> _Material for this task_:

══════════

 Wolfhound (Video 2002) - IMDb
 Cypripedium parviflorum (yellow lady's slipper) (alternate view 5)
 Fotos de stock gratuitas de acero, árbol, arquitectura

══════════

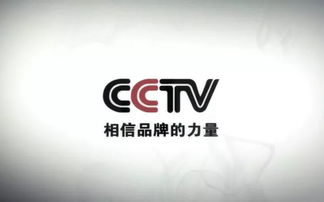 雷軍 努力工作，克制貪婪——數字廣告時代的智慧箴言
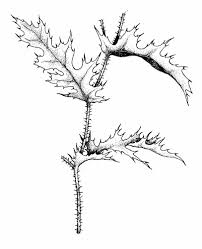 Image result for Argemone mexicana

══════════

> _Exercise details_: Write down exactly the span of lines above from the one containing "Wolfhound (Video 2002) - IMDb" to the one containing "Fotos de stock", both ends included.

> _Solved problem_:
 Wolfhound (Video 2002) - IMDb
 Cypripedium parviflorum (yellow lady's slipper) (alternate view 5)
 Fotos de stock gratuitas de acero, árbol, arquitectura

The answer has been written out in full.